Action item:
What you return should match the listing exactly, minus its images.

Source material:
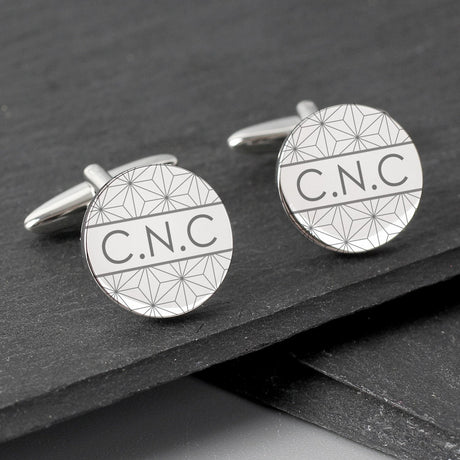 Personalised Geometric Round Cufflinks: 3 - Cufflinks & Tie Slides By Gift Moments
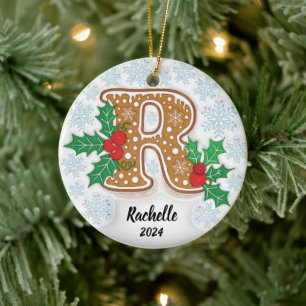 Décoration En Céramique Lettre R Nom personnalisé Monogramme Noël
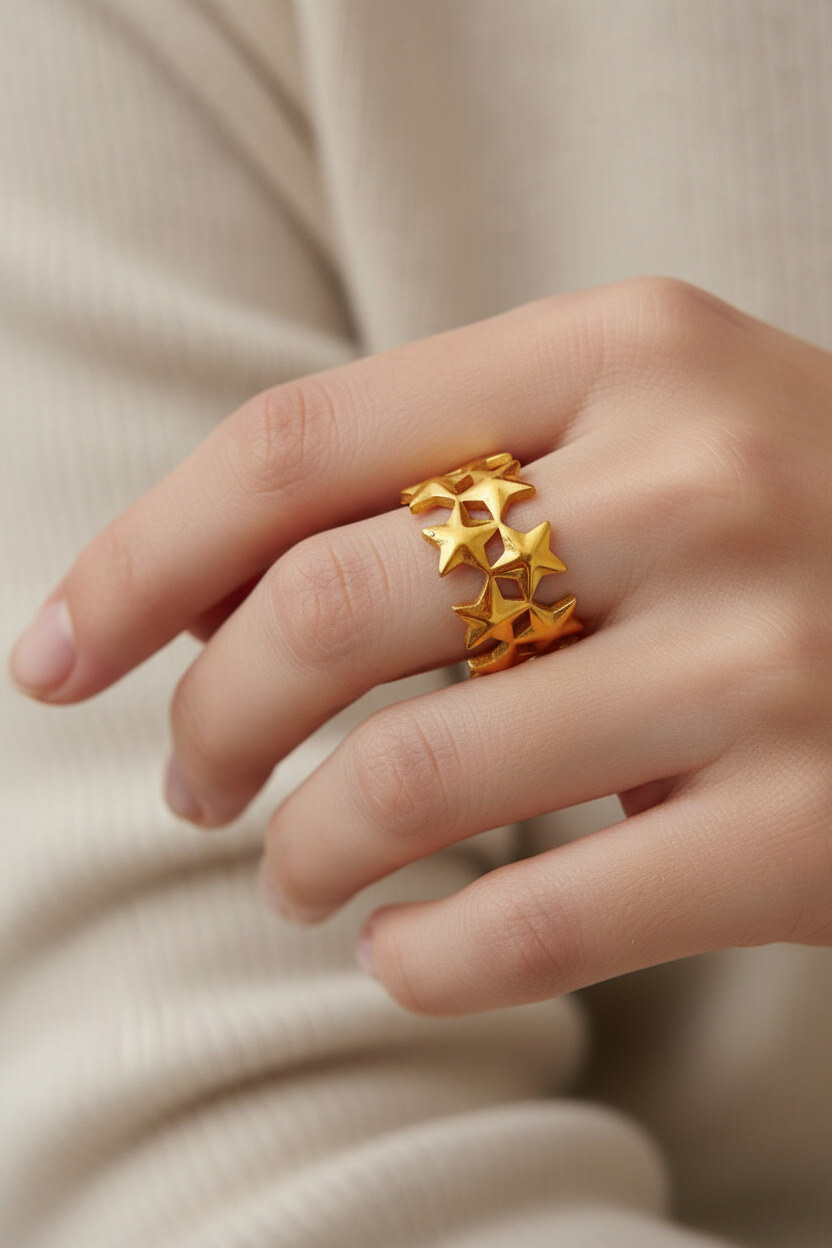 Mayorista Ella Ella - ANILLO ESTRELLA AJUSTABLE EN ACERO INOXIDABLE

Output of the task:
 Personalised Geometric Round Cufflinks: 3 - Cufflinks & Tie Slides By Gift Moments
 Décoration En Céramique Lettre R Nom personnalisé Monogramme Noël
 Mayorista Ella Ella - ANILLO ESTRELLA AJUSTABLE EN ACERO INOXIDABLE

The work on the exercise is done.